Former President Donald Trump made no secret that he hated Washington, D.C., when he first ran for president. He even nicknamed it the “Swamp.”
But no modern president more than Ronald Reagan meant it as much and showed the city his backside as often.
Here’s how Reagan biographer Craig Shirley, the author of the forthcoming book The Search for Reagan: The Appealing Intellectual Conservatism of Ronald Reagan, described the Gipper’s disdain.
“Reagan left town whenever he could. He was at his California ranch for one year out of his presidency. He and Nancy went to Camp David almost every weekend. They got out of Dodge whenever they could. He didn’t like Washington. He didn’t like what it represented,” Shirley said in an interview.
“You know, he came back to Washington, I think, twice: once to accept the Medal of Freedom from [former President George H.W.] Bush and the other for his lying-in-state in the U.S. Capitol,” he added.
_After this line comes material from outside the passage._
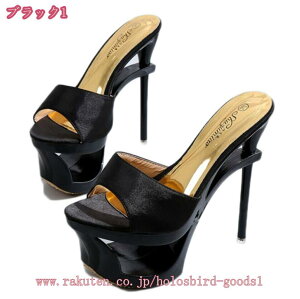 LoT_ ~[ T_r15.5cm sq[KNT_ EFbW\[T_ ~[ 傫TCY nCq[r   2 22cm 25cm sq[ ~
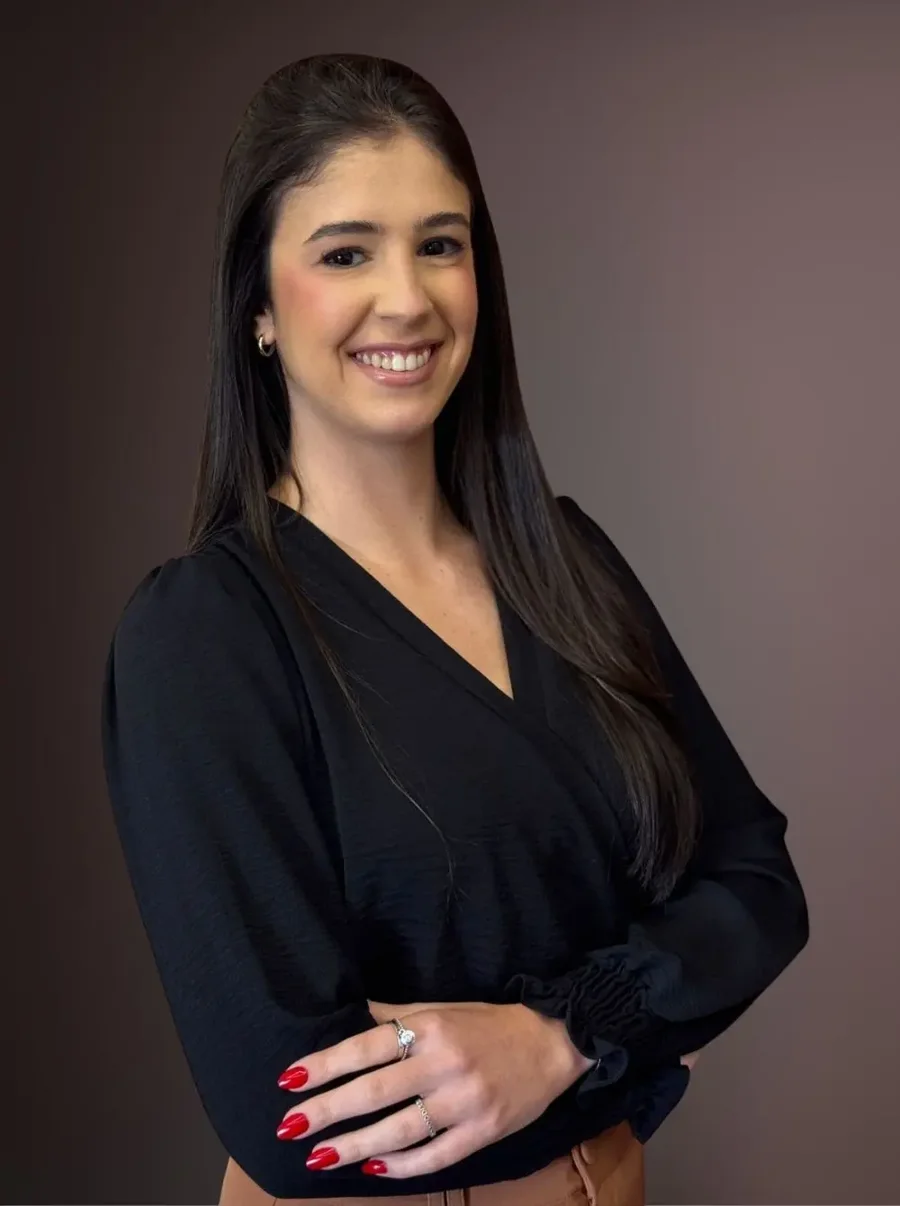 Foto de Isabela Vianna Ribeiro Cestari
There are few scholars and former political aides who know more about Reagan than Shirley. He has written four well-received books on the 40th president, and his latest, published by Post Hill Press and set for release Feb. 13, is a delightful addition with something new: an epic takedown of Washington.
Shirley writes off the events out-of-towners love about Washington, such as the White House Correspondents’ Association Dinner, appearances on Sunday talk shows, and lobbyist-funded Georgetown cocktail parties.
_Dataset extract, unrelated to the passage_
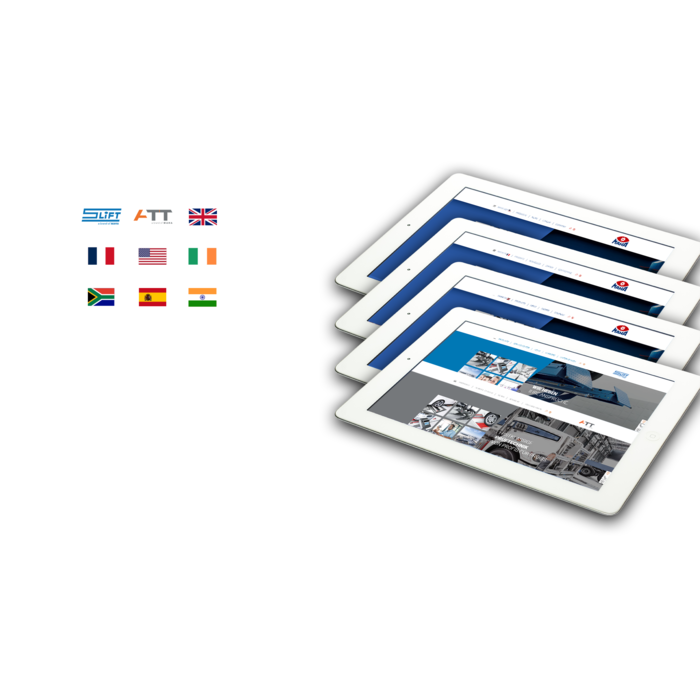 © pixabay 1291526_inproperstyle (ipad-apple-tablet-computer-mobil)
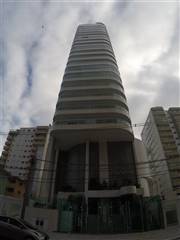 Apartamento, 3 quartos, 172 m² - Foto 3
He described the dinner as “where the press and political elites meet in a low-rent feast of mutual admiration.” At social events, he wrote that many can “be seen rubbernecking, seeking out someone more important than the poor schlub standing in front of them.”
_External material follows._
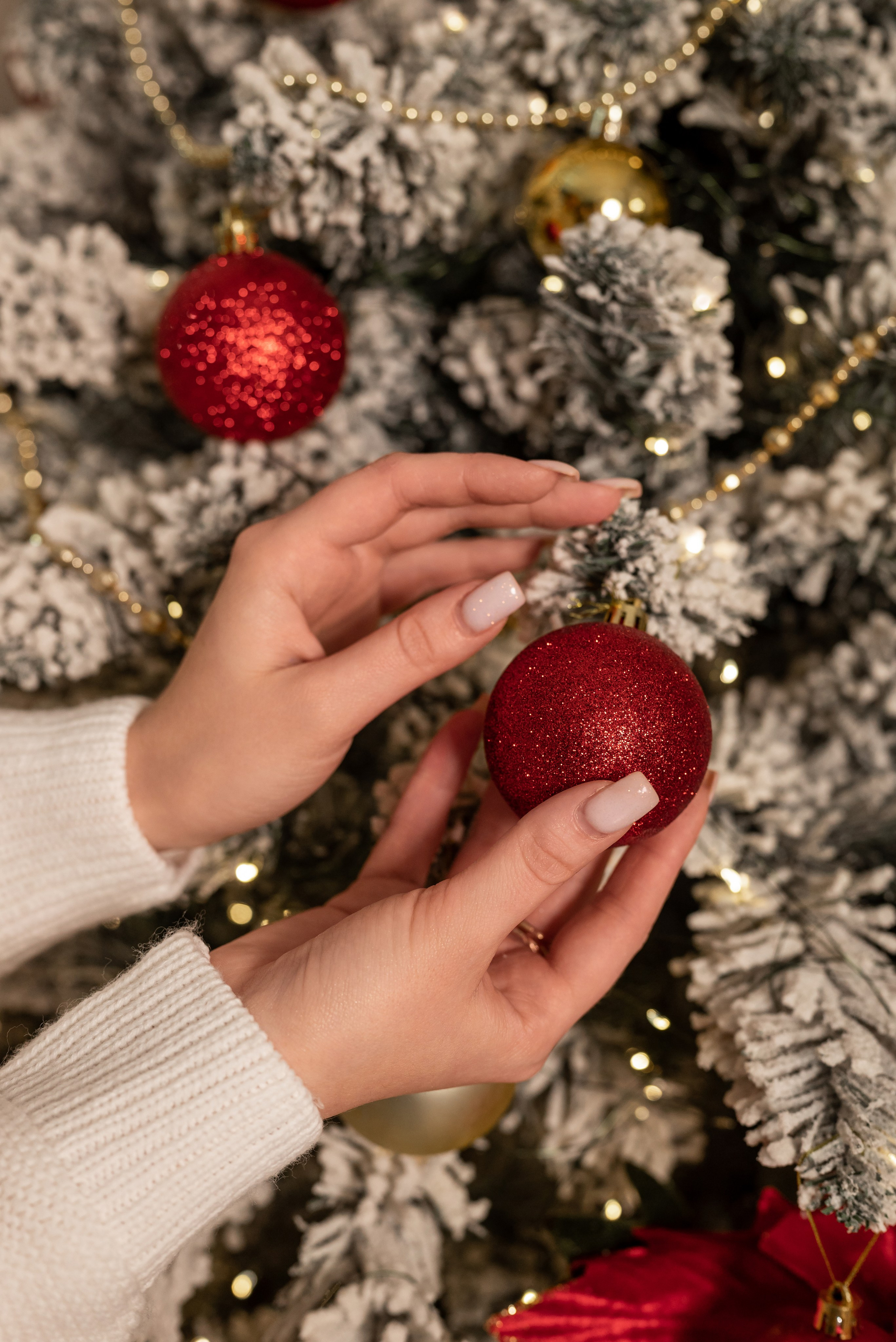 Анастасия. Фотограф в городе Салават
Shirley wrote of the ruthlessness political celebrities engage in to get on TV. “The more one appeared on television, the better. A criminal record, being indicted, being unfaithful, or being otherwise unsavory were no barriers to Washington celebrityhood,” he said.
Lobbyists and money, he added, have also turned the city into a classless pit. “Over the years, more and more money flowed to the city-state as class and style were washed out of town. Oh, there were a few ‘classy’ hosts and hostesses in Chevy Chase, Georgetown, and McLean, but for the most part, all the money in the world could not conceal the fact that many in the town ate like pigs, talking and masticating at the same time, using the wrong cutlery, and blowing their noses at a meal table,” Shirley said.
He quoted his pal and former longtime Reagan political aide Lyn Nofziger, who once observed, “Some people come to Washington and grow — others just swell.”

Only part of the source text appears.